= Activity =
Write out the entries below exactly, but only from the line containing "I'm gonna hit" through the line containing "Here we go - the", and without the pictures.

(Beginning of Provided information)

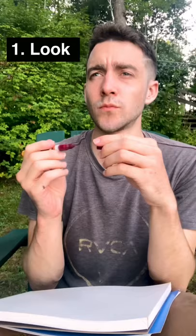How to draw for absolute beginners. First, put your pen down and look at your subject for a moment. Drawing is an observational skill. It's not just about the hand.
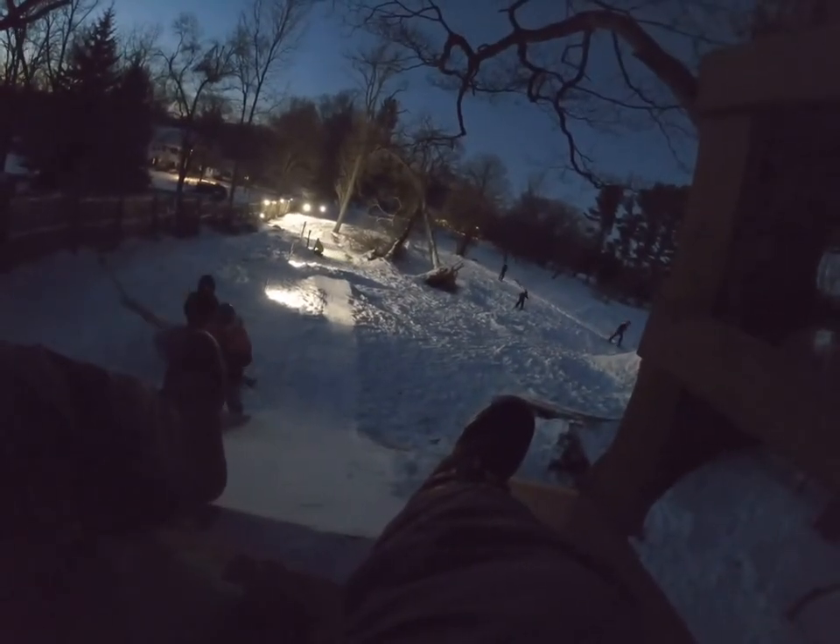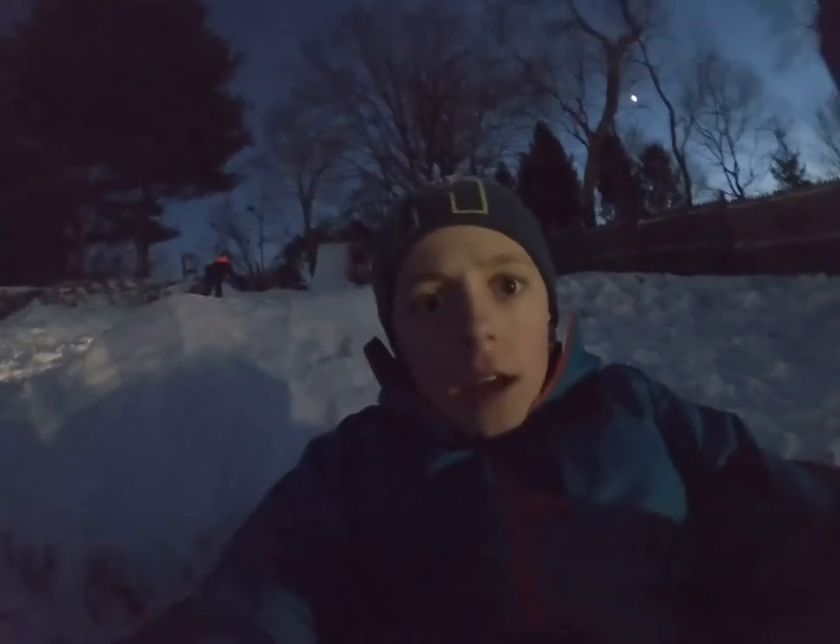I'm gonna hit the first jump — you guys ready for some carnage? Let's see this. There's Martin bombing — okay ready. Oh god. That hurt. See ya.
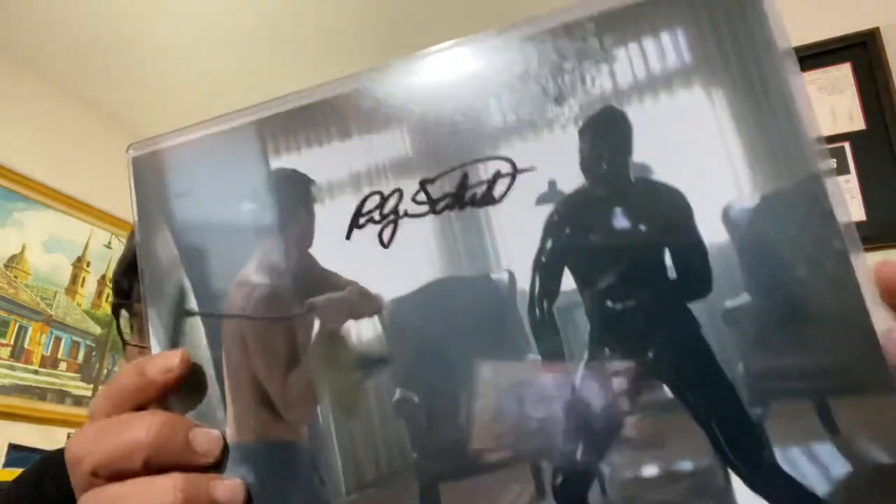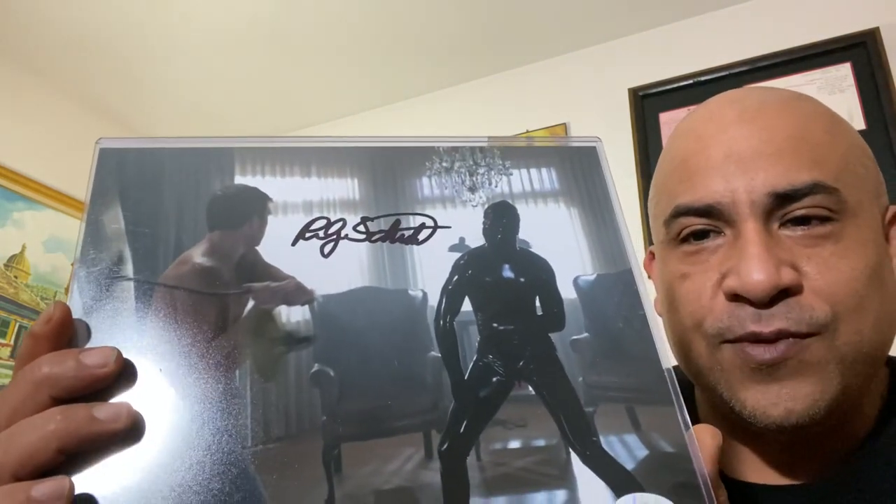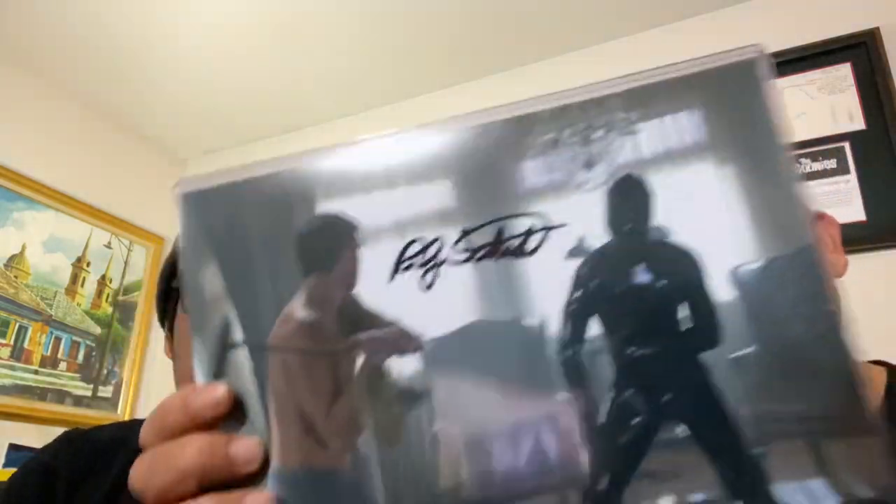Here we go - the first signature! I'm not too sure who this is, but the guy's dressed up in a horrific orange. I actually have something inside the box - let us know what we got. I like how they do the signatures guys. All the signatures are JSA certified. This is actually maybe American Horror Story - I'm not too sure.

(End of Provided information)
(Beginning of Provided information)

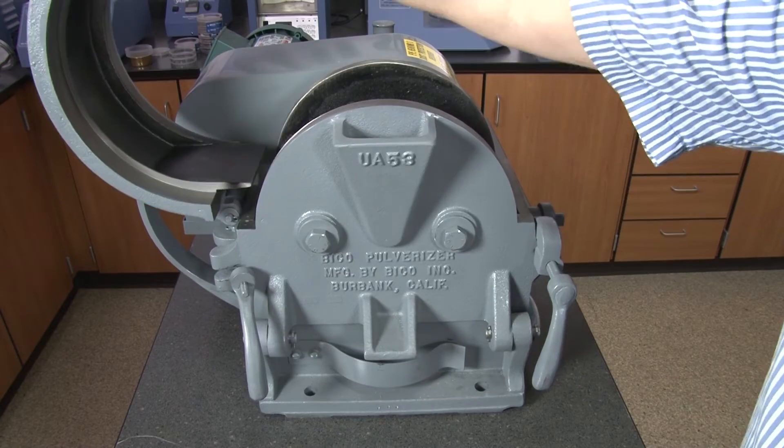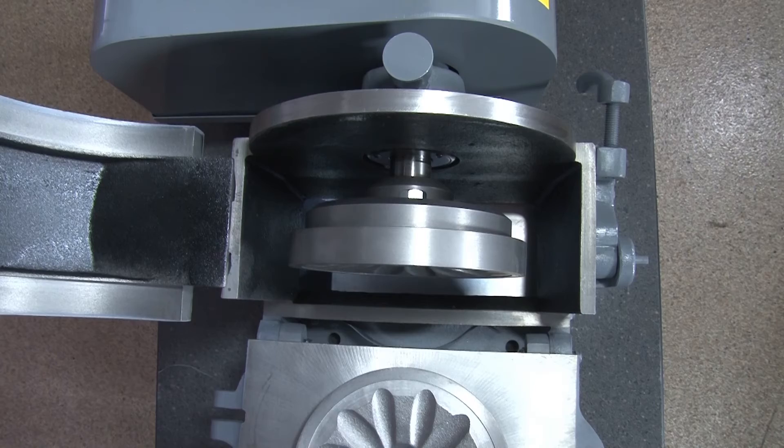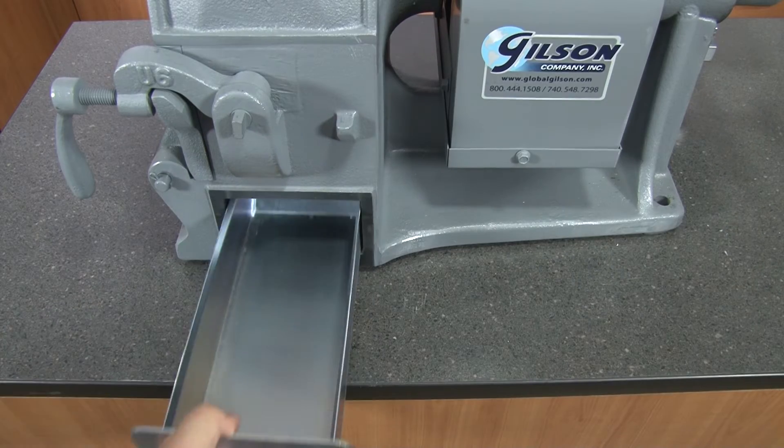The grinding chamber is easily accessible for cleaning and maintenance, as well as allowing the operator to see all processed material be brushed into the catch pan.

(End of Provided information)

= Answer =
I'm gonna hit the first jump — you guys ready for some carnage? Let's see this. There's Martin bombing — okay ready. Oh god. That hurt. See ya.
Here we go - the first signature! I'm not too sure who this is, but the guy's dressed up in a horrific orange. I actually have something inside the box - let us know what we got. I like how they do the signatures guys. All the signatures are JSA certified. This is actually maybe American Horror Story - I'm not too sure.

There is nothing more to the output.